„CU“ für „See you“ heißt in meinen Handy-Nachrichten: „Wir sehen uns später, meine Liebe, ich freue mich auf Dich.“ Und mit „Sry“ für „Sorry“ spare ich mir oft eine langatmige Entschuldigung für lästige Hosentaschenanrufe, die ständig passieren.
Digital ist es ja alltäglich, dass eine ganze Geschichte oder gar die Tiefe einer Beziehung mit wenigen Buchstaben erzählt werden kann. Da fühlt es sich fast normal an, dass auch die Bibel mit wenigen Worten große Dramen ausbreitet.
„Ich habe keinen Menschen“ – diese vier Worte im Johannesevangelium lösen eine Flut an Gedanken und Bildern in mir aus. Darin steckt eine Tragödie, ein Leben voller Einsamkeit und Leid. Doch kein „leider“ taucht darin auf, kein Klagen, kein Lamentieren. Es klingt sachlich, fast schon kühl, wie eine nüchterne Feststellung.
Jesus hört diese Worte, als er einen Kranken am See Bethesda sieht, der mit anderen Leidenden dort auf Heilung hofft.
Er spricht ihn an, mit nur wenigen Worten und fragt: „Willst du gesund werden?“
Erstaunlich, fast unverschämt, finde ich, dass er das fragt, wo doch klar scheint, was alle dort wollen: Heilung. Aber Jesus nimmt den Mann ernst und will nicht einfach voraussetzen, was er sich wünscht. Jesus sieht ihn als Mensch mit einem freien Willen an, mit einer eigenen Meinung und individuellen Sehnsüchten.

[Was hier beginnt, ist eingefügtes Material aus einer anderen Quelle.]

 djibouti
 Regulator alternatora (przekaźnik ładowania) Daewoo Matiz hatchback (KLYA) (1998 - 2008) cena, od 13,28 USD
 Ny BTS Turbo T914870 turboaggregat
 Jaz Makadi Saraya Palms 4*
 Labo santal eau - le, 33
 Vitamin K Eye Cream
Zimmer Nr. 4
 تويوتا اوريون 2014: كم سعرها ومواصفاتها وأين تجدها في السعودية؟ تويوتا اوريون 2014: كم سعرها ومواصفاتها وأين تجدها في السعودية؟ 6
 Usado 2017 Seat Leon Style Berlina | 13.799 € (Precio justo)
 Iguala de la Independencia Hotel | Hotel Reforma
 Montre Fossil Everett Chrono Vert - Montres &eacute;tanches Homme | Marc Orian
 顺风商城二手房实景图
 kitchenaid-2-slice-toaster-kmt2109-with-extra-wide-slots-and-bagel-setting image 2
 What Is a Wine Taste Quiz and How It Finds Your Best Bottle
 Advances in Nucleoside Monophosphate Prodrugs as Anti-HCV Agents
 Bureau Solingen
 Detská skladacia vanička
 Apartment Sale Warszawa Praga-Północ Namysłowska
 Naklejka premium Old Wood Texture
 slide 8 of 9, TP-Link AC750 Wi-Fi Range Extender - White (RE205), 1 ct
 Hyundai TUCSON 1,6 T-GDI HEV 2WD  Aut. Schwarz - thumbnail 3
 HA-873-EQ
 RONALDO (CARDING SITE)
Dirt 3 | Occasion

Der Kranke antwortet auch nicht mit einem genervten „Ja“, weil er die Frage sinnlos findet, sondern er antwortet mit der Kurzfassung seines Lebens: „Ich habe keinen Menschen. Keiner ist da, der mich ins heilende Wasser trägt.“
Jesus liest in diesem knappen Satz zwischen den Zeilen und er erkennt Traurigkeit und Einsamkeit, Leid, Hoffnung und Glauben zugleich. Ihm reicht diese Antwort aus und er sagt: „Nimm dein Bett und geh.“
Und da ist sie – die Heilung. Das Ergebnis dieses kurzen, aber so intensiven Dialogs ohne Bitte, ohne Forderung. So wenige Worte sind das, da ist keins zu viel. Das ist fast schon karg und beinahe klischeehaft männlich – oder eben genau passend für die offensichtliche Tragik.
Manchmal müssen es einfach keine langen Gespräche sein, sind keine Sprachnachrichten in Podcast-Länge nötig. Manchmal genügen eine kurze Frage und eine knappe Antwort, genügt ein stummes Gebet und es geschieht etwas Großes. So wie am See Bethesda.
In ganz wenigen Worten kann alles stecken: Vertrauen, Zuwendung, Verständnis – und der berechtigte Glaube an Heilung.
Amen.
Joh 5 1-16
Es war aber dort ein Mensch, der war seit achtunddreißig Jahren krank. Als Jesus ihn liegen sah und vernahm, dass er schon so lange krank war, spricht er zu ihm: Willst du gesund werden? Der Kranke antwortete ihm: Herr, ich habe keinen Menschen, der mich in den Teich bringt, wenn das Wasser sich bewegt; wenn ich aber hinkomme, so steigt ein anderer vor mir hinein. Jesus spricht zu ihm: Steh auf, nimm dein Bett und geh hin! Und sogleich wurde der Mensch gesund und nahm sein Bett und ging hin.
Es war aber Sabbat an diesem Tag. Da sprachen die Juden zu dem, der geheilt worden war: Heute ist Sabbat, es ist dir nicht erlaubt, dein Bett zu tragen. Er aber antwortete ihnen: Der mich gesund gemacht hat, sprach zu mir: Nimm dein Bett und geh hin! Sie fragten ihn: Wer ist der Mensch, der zu dir gesagt hat: Nimm dein Bett und geh hin? Der aber geheilt worden war, wusste nicht, wer es war; denn Jesus war fortgegangen, da so viel Volk an dem Ort war.
Danach fand ihn Jesus im Tempel und sprach zu ihm: Siehe, du bist gesund geworden; sündige nicht mehr, dass dir nicht etwas Schlimmeres widerfahre. Der Mensch ging hin und berichtete den Juden, es sei Jesus, der ihn gesund gemacht habe. Darum verfolgten die Juden Jesus, weil er dies am Sabbat getan hatte.